Situationnisme et anarchisme
À l'époque de sa prospérité, les anarchistes ne se privèrent pas de dénoncer le situationnisme. Ici et là, en Italie et en France en particulier, on l'accusait d'être une officine du marxisme et de vouloir saboter les organisations anarchistes, voire même de s'en emparer.
Avec le recul du temps, on peut aujourd'hui affirmer que l'ignorance et la paranoïa présidèrent largement à tout cela.
Certes, le méli-mélo théorique du situationnisme a parfois certains relents qui peuvent induire en erreur un lecteur peu attentif, mais de là à le cataloguer de marxiste il y a une marge.
Certes, également, dans le mouvement anarchiste, un certain nombre d'individus et de groupes, se réclamant plus ou moins vaguement du situationnisme, semèrent une pagaille certaine, mais de là à y voir la main de l'Internationale situationniste, il y a un pas que personnellement je ne franchis pas.
En fait, le situationnisme est apparu sur la scène de l'histoire à une époque où le mouvement anarchiste connaissait un certain désarroi, aussi bien au plan théorique qu'organisationnel.
Dans ces conditions, il constituait le bouc-émissaire idéal. Aujourd'hui que le situationnisme est mort et enterré à Beaubourg, et que l'anarchisme redresse la tête, il apparaît clairement que l'on s'est fait une frayeur pour pas grand-chose.
Espérons que la leçon portera, et qu'à l'avenir nous choisirons de nous donner les moyens de notre rénovation, sans perdre un temps qui a la beauté rare de l'éphémère, à essayer de dégonfler des baudruches.



1. Exposition sur le situationnisme, par Peter Wollen et Mark Francis.
2. Libération du 24 février 1989.
3. Cf. le chapitre « Les origines de l'internationale situationniste » dans Le situationnisme ou la nouvelle internationale, par Eliane Brau, Éd. Debresse.
4. In la revue L'Internationale situationniste n°9, d'août 1964.
5. Réponses de Martin, Strijbosch, Vienet et Vaneigem au nom de l'internationale situationniste à un questionnaire, lors d'une exposition organisée par le Centre d'art socio-expérimental en décembre 1963.
6. Raoul Vaneigem, Le mouvement du libre-esprit, Éd. Ramsay.
7. Jean-Pierre Voyer, Rapport sur l'état des illusions dans notre parti, suivi des révélations sur le principe du monde, Éd. Institut de préhistoire contemporaine.
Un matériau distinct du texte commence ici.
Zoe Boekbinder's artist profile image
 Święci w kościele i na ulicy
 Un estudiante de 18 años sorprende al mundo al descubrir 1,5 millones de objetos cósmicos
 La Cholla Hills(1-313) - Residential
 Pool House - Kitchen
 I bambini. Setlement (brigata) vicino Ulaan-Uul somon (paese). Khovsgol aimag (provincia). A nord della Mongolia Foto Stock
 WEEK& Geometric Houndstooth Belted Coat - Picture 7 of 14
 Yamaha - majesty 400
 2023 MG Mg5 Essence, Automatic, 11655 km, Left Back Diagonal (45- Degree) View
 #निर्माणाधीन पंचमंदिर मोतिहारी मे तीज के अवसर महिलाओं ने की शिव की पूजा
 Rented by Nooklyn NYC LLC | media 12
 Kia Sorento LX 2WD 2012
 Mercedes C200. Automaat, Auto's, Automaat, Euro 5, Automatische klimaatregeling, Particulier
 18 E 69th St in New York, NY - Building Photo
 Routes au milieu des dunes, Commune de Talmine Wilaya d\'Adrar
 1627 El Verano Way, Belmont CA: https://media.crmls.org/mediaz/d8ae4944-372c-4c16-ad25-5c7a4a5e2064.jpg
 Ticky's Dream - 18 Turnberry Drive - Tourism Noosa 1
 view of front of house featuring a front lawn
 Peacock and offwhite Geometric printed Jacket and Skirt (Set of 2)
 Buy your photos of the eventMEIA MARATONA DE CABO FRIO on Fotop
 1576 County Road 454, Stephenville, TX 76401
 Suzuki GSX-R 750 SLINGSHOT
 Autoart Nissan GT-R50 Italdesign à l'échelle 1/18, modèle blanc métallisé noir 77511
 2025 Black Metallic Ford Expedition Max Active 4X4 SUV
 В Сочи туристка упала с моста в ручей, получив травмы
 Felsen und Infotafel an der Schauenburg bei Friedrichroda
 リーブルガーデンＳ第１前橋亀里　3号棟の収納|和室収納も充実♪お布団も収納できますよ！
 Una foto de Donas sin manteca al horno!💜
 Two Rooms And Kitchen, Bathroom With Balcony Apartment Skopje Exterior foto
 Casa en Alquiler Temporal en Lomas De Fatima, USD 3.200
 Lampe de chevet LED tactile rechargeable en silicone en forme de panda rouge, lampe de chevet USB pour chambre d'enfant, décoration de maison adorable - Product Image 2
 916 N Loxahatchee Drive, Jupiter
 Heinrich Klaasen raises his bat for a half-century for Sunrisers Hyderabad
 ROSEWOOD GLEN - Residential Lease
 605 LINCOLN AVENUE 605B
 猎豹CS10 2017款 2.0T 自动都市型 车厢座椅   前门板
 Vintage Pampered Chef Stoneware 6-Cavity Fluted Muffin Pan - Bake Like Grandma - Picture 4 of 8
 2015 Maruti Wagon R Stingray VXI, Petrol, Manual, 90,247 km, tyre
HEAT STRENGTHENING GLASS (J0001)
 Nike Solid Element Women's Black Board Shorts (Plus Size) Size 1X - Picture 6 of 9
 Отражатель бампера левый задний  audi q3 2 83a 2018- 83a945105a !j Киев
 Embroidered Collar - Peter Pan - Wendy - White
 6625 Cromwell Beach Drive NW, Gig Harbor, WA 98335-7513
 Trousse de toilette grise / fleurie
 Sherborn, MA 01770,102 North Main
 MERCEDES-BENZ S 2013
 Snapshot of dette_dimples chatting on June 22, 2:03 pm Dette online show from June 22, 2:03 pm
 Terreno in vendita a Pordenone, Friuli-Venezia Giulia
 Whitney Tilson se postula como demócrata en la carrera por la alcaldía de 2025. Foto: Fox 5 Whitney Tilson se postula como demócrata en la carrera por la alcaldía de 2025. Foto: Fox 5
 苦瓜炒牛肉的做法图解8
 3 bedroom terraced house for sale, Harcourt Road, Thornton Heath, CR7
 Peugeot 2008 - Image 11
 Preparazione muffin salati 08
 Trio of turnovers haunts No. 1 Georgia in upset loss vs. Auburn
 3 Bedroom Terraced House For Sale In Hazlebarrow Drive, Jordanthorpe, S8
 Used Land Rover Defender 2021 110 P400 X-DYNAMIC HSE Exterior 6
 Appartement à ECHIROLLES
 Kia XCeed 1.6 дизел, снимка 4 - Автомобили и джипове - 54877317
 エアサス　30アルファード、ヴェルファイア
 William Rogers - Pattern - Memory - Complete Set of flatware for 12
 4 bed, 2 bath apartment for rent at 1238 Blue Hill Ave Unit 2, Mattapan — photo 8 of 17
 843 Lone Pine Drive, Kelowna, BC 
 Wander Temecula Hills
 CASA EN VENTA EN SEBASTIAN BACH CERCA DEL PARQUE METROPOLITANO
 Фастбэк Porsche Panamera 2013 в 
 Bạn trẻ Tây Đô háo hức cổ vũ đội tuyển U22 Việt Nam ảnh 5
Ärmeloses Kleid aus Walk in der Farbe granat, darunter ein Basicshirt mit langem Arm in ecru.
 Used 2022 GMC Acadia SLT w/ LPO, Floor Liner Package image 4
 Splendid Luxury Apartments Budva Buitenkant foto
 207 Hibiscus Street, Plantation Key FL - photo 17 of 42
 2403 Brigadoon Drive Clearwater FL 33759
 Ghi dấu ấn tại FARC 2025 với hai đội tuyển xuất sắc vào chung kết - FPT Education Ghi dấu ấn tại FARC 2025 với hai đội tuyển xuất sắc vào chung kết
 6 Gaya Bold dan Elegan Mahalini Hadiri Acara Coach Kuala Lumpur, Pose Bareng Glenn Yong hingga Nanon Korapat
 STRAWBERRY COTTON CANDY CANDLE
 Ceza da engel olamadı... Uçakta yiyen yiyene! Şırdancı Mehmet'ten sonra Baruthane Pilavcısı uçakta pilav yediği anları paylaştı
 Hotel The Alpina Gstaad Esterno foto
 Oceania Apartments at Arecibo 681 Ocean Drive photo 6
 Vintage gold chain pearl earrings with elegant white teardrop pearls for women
8. Le mouvement du libre-esprit, op. cit.
9. Raoul Vaneigem, Traité de savoir-vivre à l'usage des jeunes générations, Éd. Gallimard.
10. La véritable scission dans l'internationale : circulaire publique de l'Internationale situationniste, Éd. Champ Libre.
11. Traité de savoir-vivre à l'usage des jeunes générations, op. cit.
12. La société du spectacle.
13. Idem.
14. La véritable scission dans l'internationale : circulaire publique de l'Internationale situationniste, Éd. Champ Libre, op. cit.
15. Traité de savoir-vivre à l'usage des jeunes générations, op. cit.